I've recently been getting up to speed with the slow pace of Boris Johnson's rather limited measures to improve life for London's private renters, so it's instructive to see what Hackney Council is doing in this area. The private rented sector has been increasing across the capital during this century, and now accounts for more than a quarter of all its households.
It's sad that the Grade II listed Bishops Wood almshouses are to be sold to developer after standing on their site next to the pond for centuries. Just how sad will ultimately depend on what is built in their place. The Hackney Citizen reported in February that any buyer would have to confrom to strict conservation rules, but the aesthetics of a new development will only be only one consideration. Another will be the affordability of the new homes. Will many, if any, be within the price range of people on average or low incomes?
The re-birth of Chatsworth Road Sunday market has been the most conspicous example of our neighbourhood's so-suddenly visible gentrification over the past couple of years, and typifies its pros and cons. On the one hand, the market has brought new energy and variety to the area. On the other, its posh breads and fancy cheeses are too expensive for many local people, while its retro clothes and artefacts reflect very particular tastes. The big problem with gentrification is that the improvements it brings can be of little use to many residents of the area affected, and even do them real harm as rents and prices rise on the incoming tide of affluence.
May I call you by your first name - we've never met - yet from reading your blogs I feel that I know you.
Thought I'd drop you a line to reel one off about the lack of family homes in the Clapton Pond area. The small patch of ground bordered by Leabridge Rd to the north, Lower Clapton to the west and Chatsworth to the east.
I have been living on Thistlewaite Road for a few years now and the time has come to move from our 2 bed flat to a larger house with garden as the children get older.
The problem we have been finding is lots of the houses that do come up for sale are very quickly snapped up by developers and carved up into flats. This is frustrating us beyond belief - we have a our son at Millfields and don't want to leave the area.
Other houses that we've seen are set at an astronomic asking price - we suspect completely over inflated by the ruthless estate agents - and don't hang about long before some cash buyer steams in with a deal and takes it.
I must seem like a right old whinger. But what I'm driving at is that we don't want the remaining properties to be 'multiple occupancy dwellings', as I believe they are referred to by building control. There is very little in the way of housing ladder left to climb.
Parking becomes an issue, clusters of over flowing dustbins in front gardens, short let tenants not really caring about the neighbourhood ...
Do we smell a conspiracy between the local building control and said 'developers'? Of course, we'd never know for sure...
I really hope I can find an affordable house in the area because I've come to like living here and Thistlewaite residents are a friendly bunch.
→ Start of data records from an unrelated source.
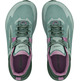 Baskets Altra Timp 5 W Vert/Mauve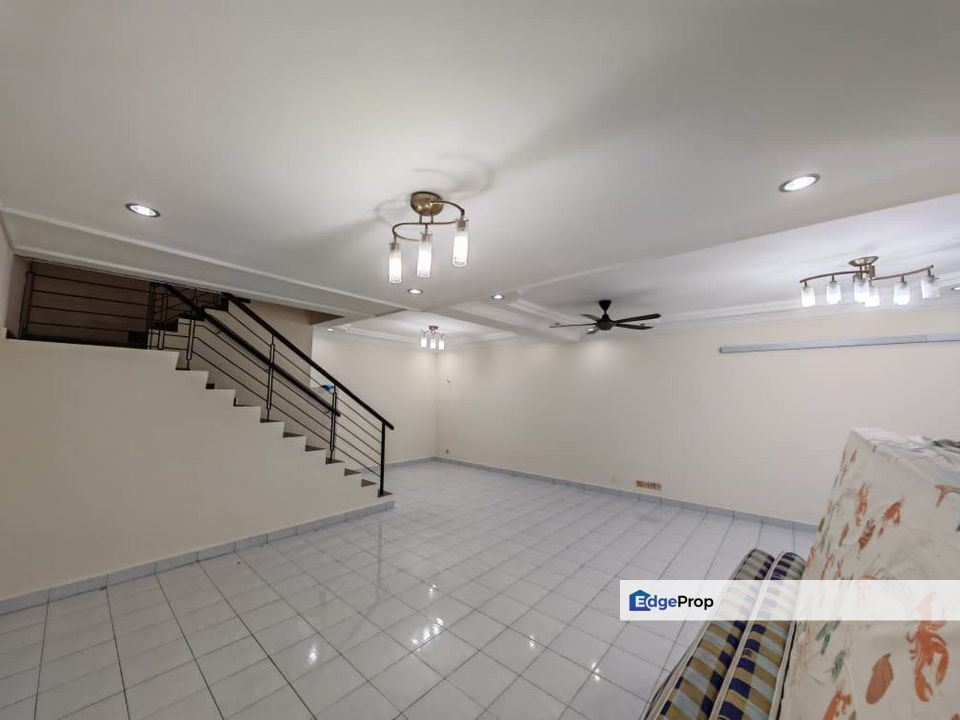 Mount Austin , Double Storey , Unblock View , G&G, Johor, Johor Bahru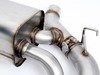 Dinan F87 M2 Dinan Sport Axle-Back Exhaust F87M2-D660 View 3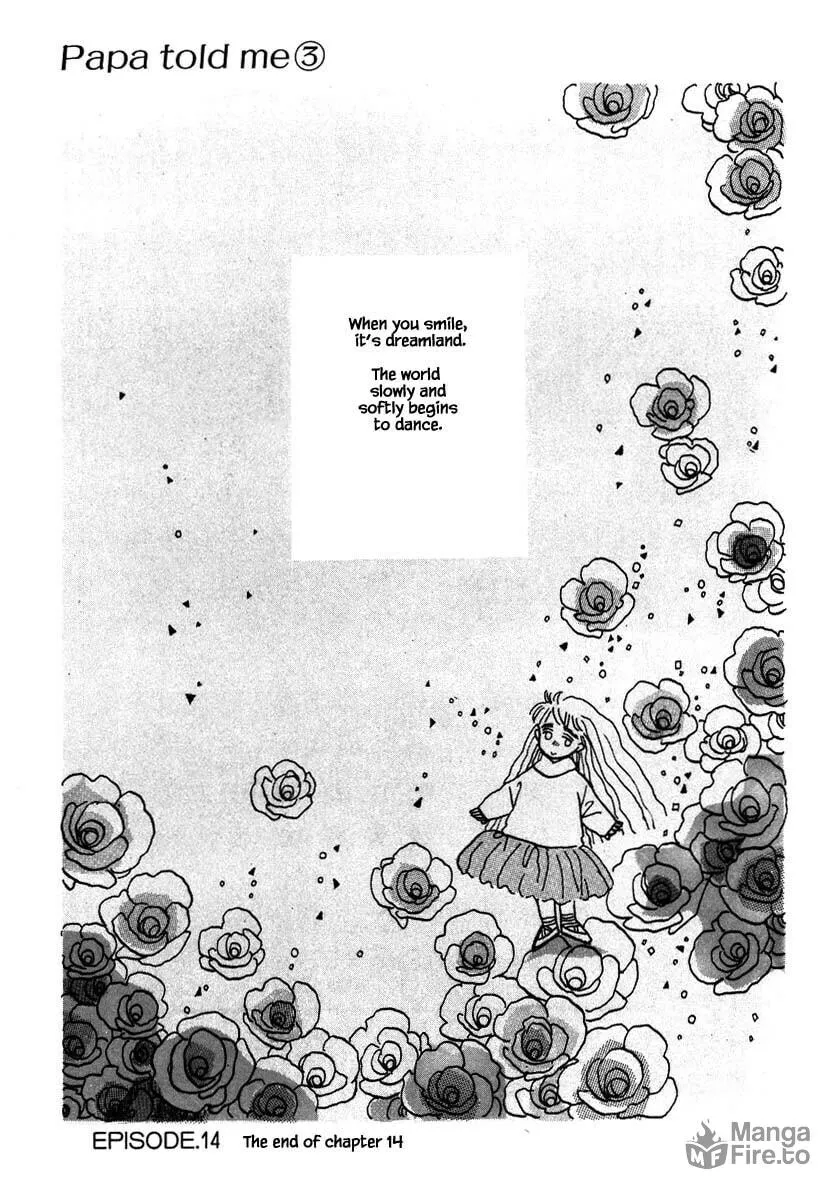 Read Papa told me chapter 14.3 image 20 on Lezhin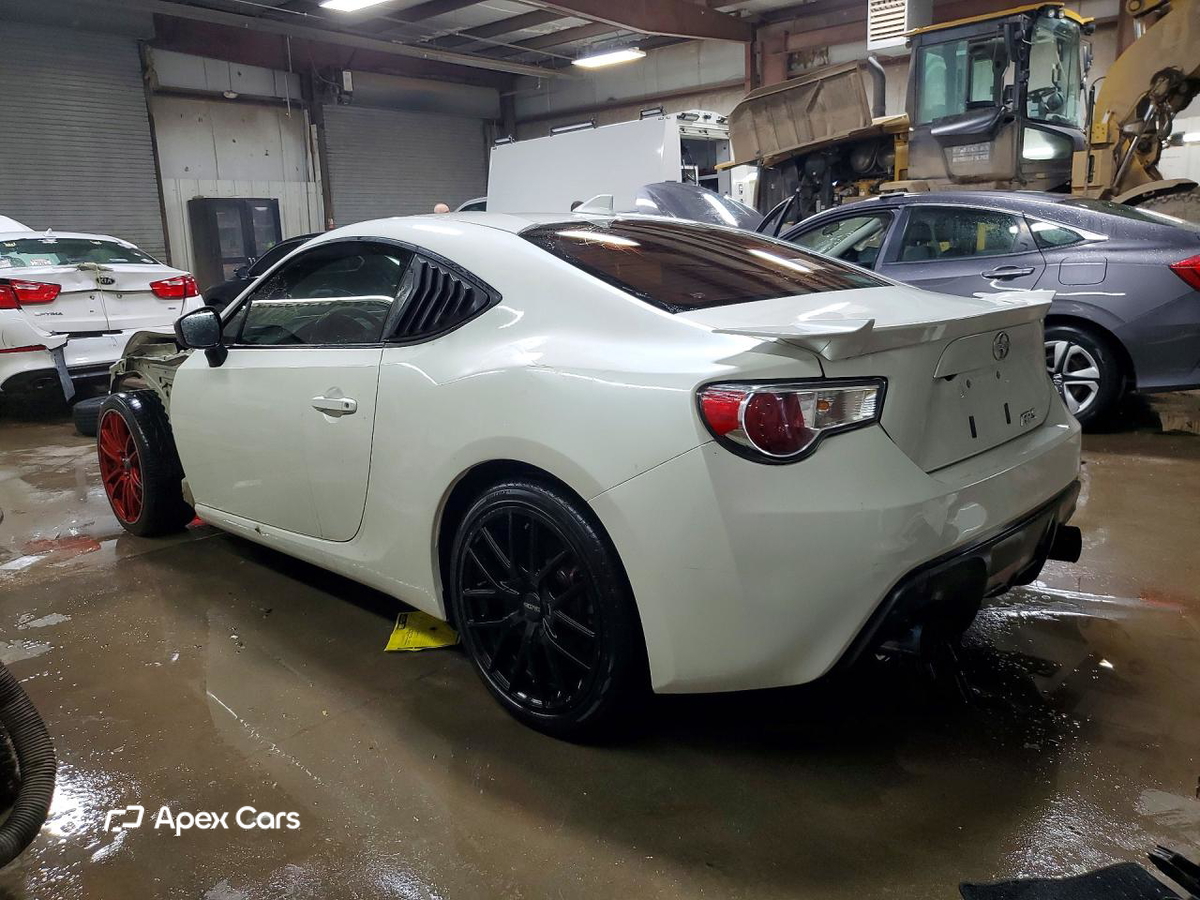 Scion FR-S 2015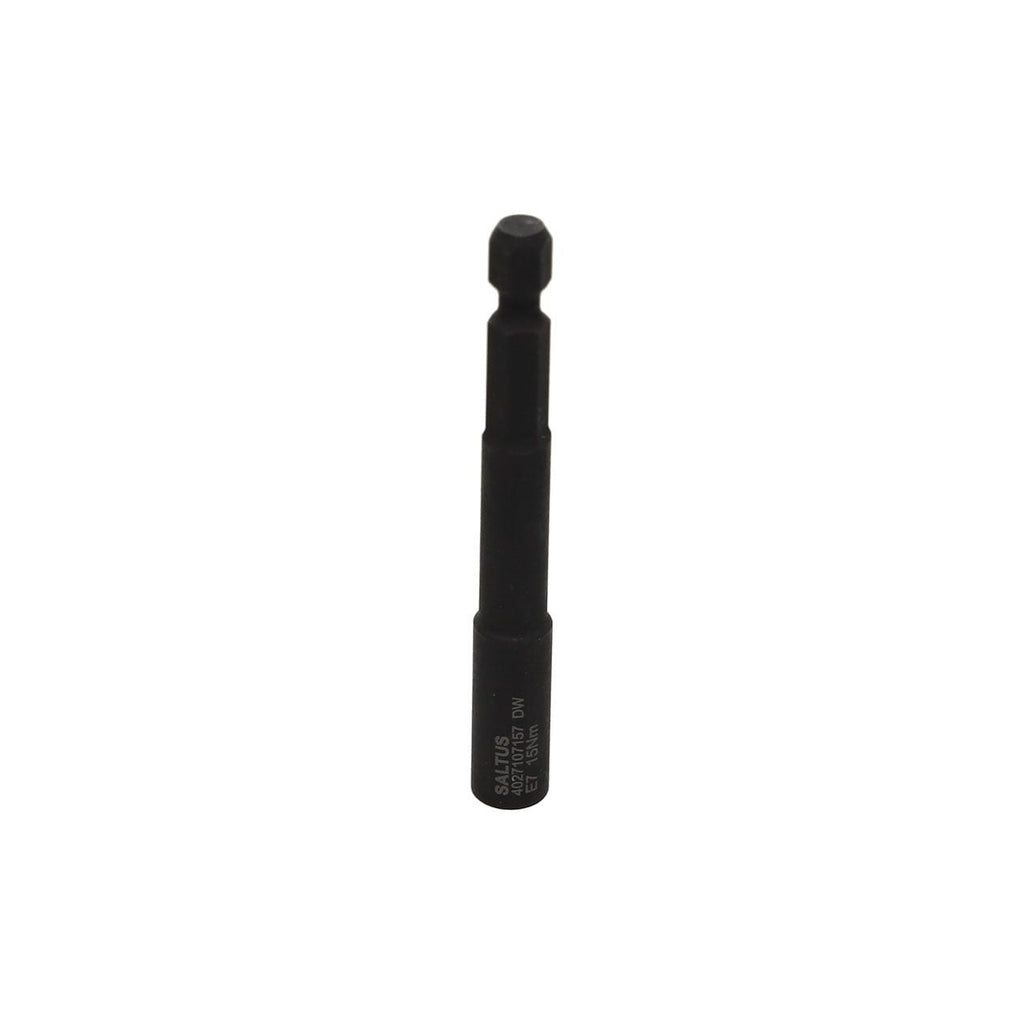 Desoutter Nut setter-HEXE1/4-L75-E7-M | 1/4" Hex Shank Nut Setter | E7, Torx, 75 mm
If only I'd had the foresight to buy here 30 years ago when I could have got a whole house for £1000!
Thanks for listening
Thanks to you for writing, and I'm sorry for taking so long to respond. The truth is I don't really know the answers to your questions and haven't yet found time to look into them properly. What I do know is that in London there is a simultaneous demand for larger, family-friendly homes (overcrowding is a terrible problem) and more single-person units because more and more people are living alone. Maybe the Council could offer its view. That would at least be a start I'll ask.